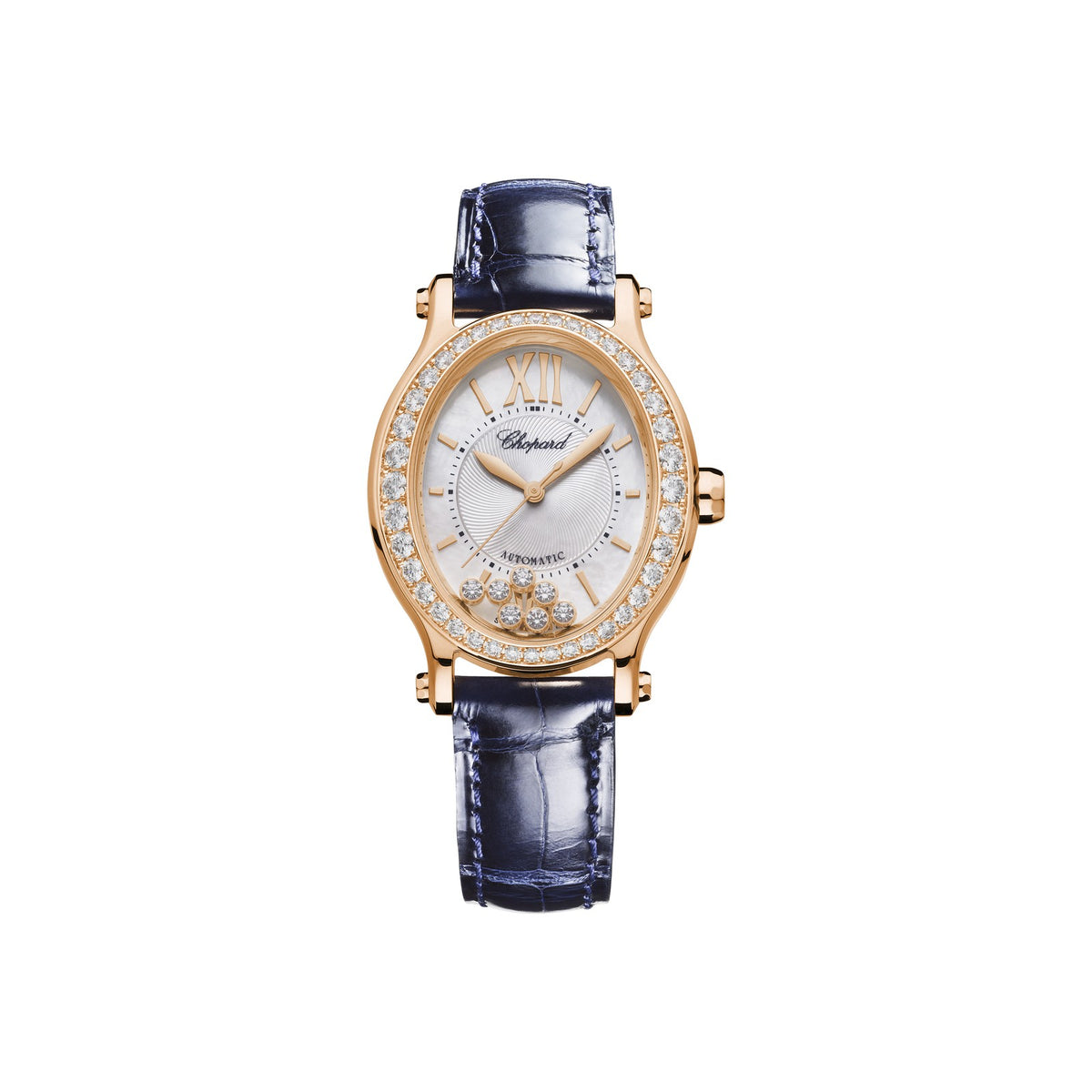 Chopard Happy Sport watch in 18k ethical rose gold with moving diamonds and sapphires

* * *

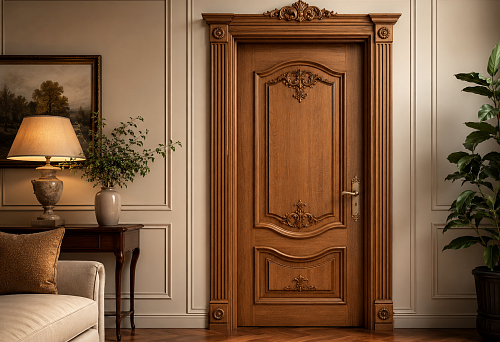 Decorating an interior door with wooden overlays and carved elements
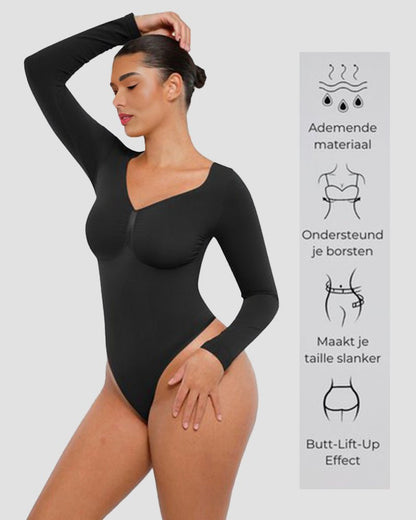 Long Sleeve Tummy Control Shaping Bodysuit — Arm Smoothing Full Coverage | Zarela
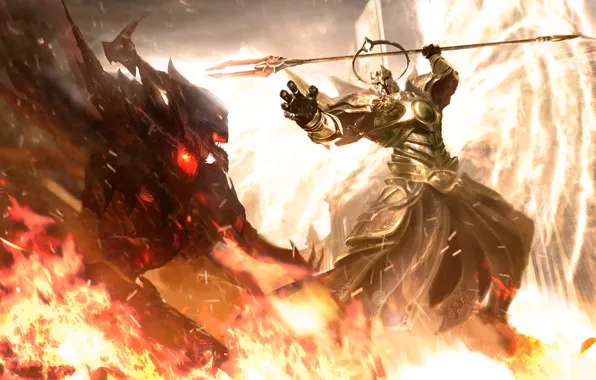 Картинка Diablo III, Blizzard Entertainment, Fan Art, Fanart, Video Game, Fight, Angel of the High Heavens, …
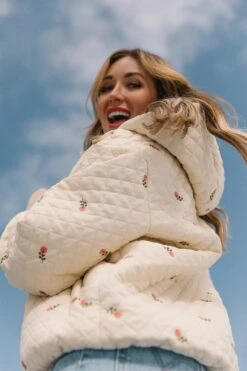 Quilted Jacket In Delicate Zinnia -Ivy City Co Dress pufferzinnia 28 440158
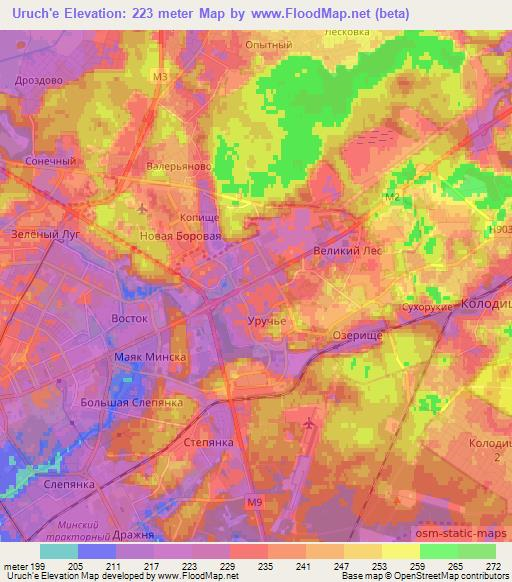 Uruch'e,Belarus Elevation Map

* * *

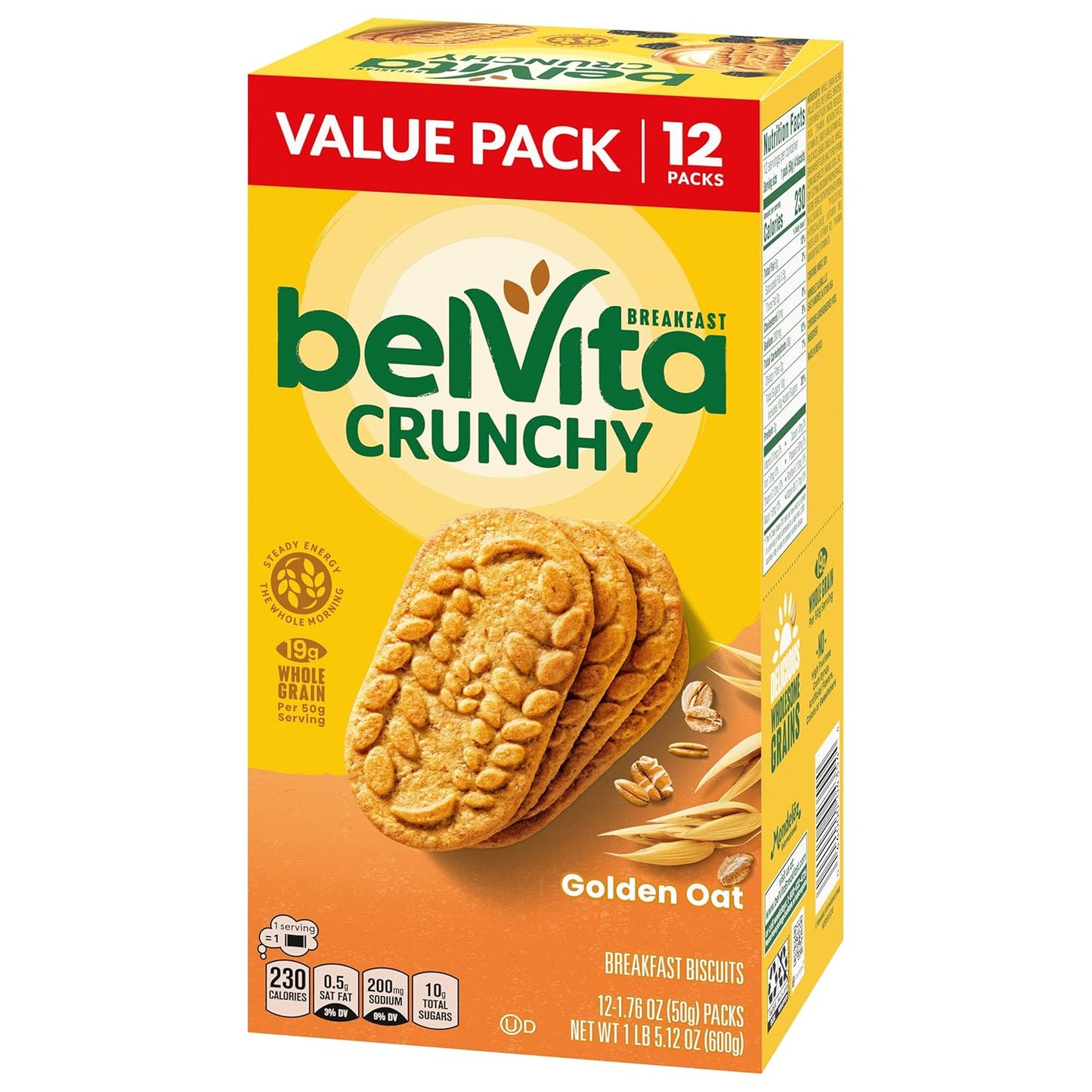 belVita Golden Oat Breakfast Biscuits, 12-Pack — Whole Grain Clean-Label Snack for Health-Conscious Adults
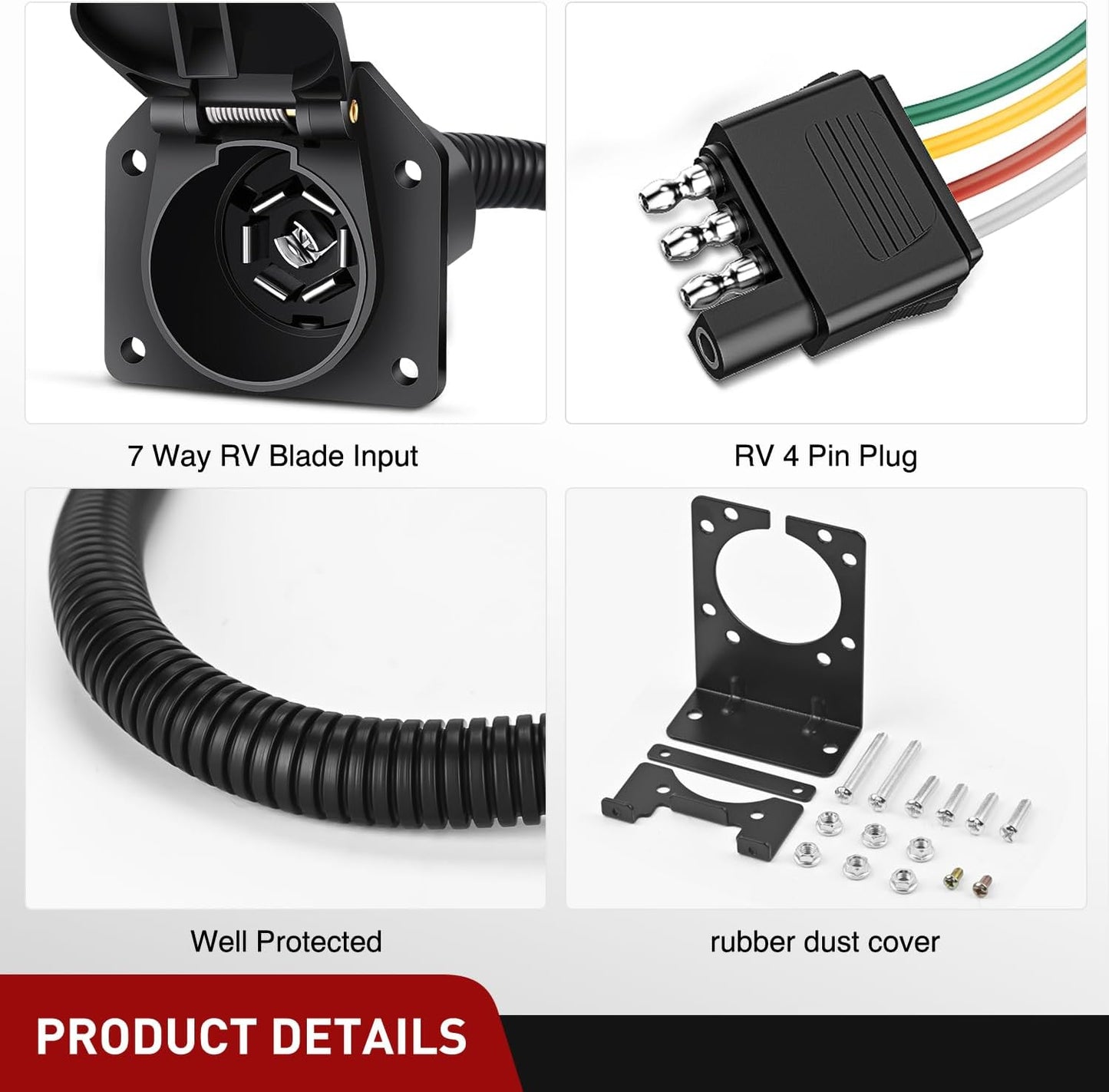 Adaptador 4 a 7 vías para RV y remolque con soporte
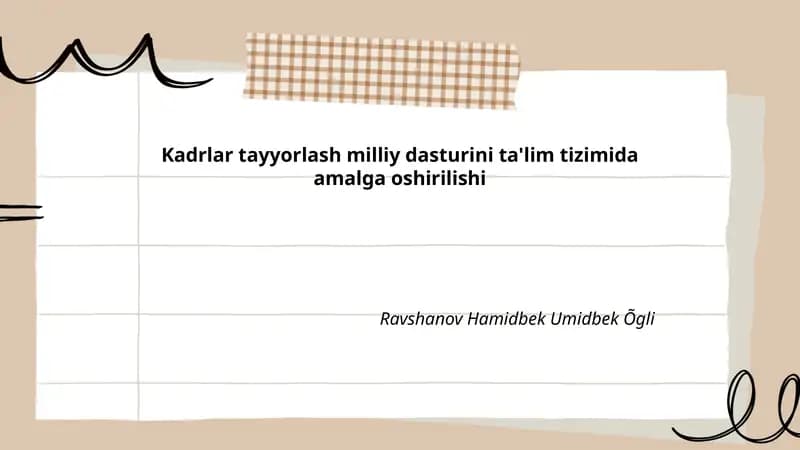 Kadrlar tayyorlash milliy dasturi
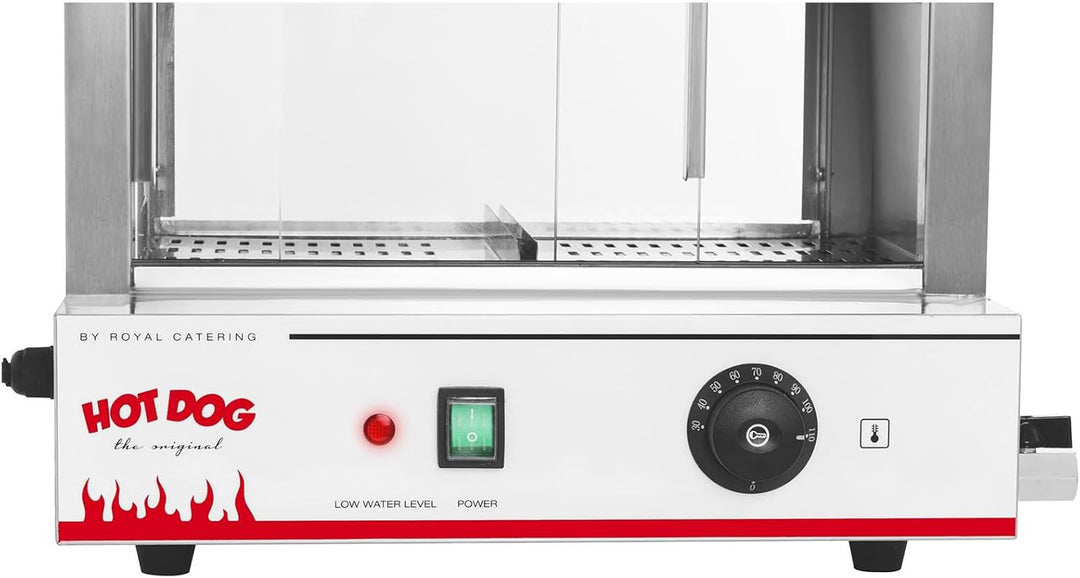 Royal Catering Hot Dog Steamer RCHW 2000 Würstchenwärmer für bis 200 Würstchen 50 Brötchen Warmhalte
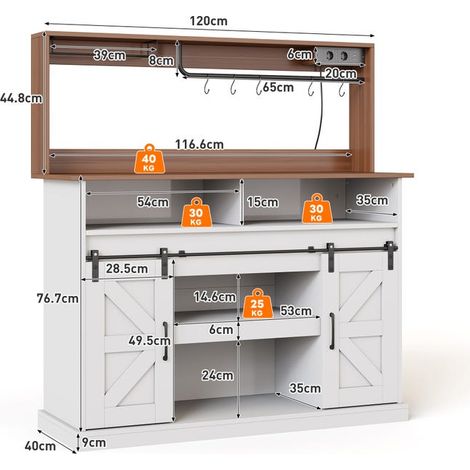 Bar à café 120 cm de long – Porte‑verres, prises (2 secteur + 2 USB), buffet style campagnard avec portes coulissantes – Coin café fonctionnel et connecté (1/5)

_WORK ITEM:_ Beginning at the line that has "Картинка Diablo III, Blizzard" and ending at the line that has "Uruch'e,Belarus Elevation Map", restate the listing above word for word, pictures left out.

_SOLUTION:_
 Картинка Diablo III, Blizzard Entertainment, Fan Art, Fanart, Video Game, Fight, Angel of the High Heavens, …
 Quilted Jacket In Delicate Zinnia -Ivy City Co Dress pufferzinnia 28 440158
 Uruch'e,Belarus Elevation Map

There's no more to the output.